Autrement dit, nous désirons restituer les contextes et conjonctures dans lesquels s’inscrivent les choix, motifs et stratégies sociétaires des enquêtés. En gardant en tête que les causalités sont toujours conditionnelles et que les conditions se modifient, nous solliciterons les principes des analyses archéologique, processuelle et structurelle, selon lesquels les motifs, les choix, les connexions causales et les carrières possèdent une origine précise, dépendent de l’enchaînement temporel des événements personnels et sont plus ou moins pré-structurés « par des chaînes causales indépendantes et préexistantes au déroulement des vies individuels » 278 .
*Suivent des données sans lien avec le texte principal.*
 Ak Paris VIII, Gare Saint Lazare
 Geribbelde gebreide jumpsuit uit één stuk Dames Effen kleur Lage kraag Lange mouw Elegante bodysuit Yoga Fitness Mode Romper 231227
La mise en parallèle de ces patterns nous permet d’une part d’invoquer le rôle de facteurs autant endogènes qu’exogènes dans le déclenchement de la décision (faisceau de contraintes) et, d’autre part d’envisager l’emboîtement des points de vue nomothétique et idiothétique. L’examen préalable des effets d’âge, de génération et de période – ce dernier ayant été abordé dans le chapitre précédent – témoigne par exemple de la pertinence du modèle structurel ; d’une certaine façon, ils ont valeur de lois comportementales. Toutefois, il importe de ne pas trop rigidifier l’analyse et de ne pas délaisser les interprétations subjectives qui sont faites de contextes et de situations jugées spécifiques par les porteurs-gérants eux-mêmes 279 .

Notes
278.

Pour une présentation plus approfondie de ces types théoriques, nous renvoyons le lecteur à l’excellent article de Frédéric DE CONINCK et de Francis GODARD, « Les formes temporelles de la causalité. L’approche biographique à l’épreuve de l’interprétation », op. cit.

279.

A ce niveau, le travail du sociologue emprunte à la rétrodiction, c’est-à-dire la recherche des causes les plus probables de comportements donnés. Elle reflète le souci du chercheur d’accoucher d’une « bonne » explication causale après avoir collationné documents, archives et entretiens. Les subjectivités à l’œuvre dans les entretiens participent à cette construction rétrodictive, en ce sens qu’elles cristallisent des points de vue sur une époque, des conjonctures, des événements passés mais significatifs. Sur ce concept de rétrodiction, cf. Paul VEYNE, Comment on écrit l’histoire, Paris, Seuil, « Points Histoire », 1996 (1971-78), p. 194 sq.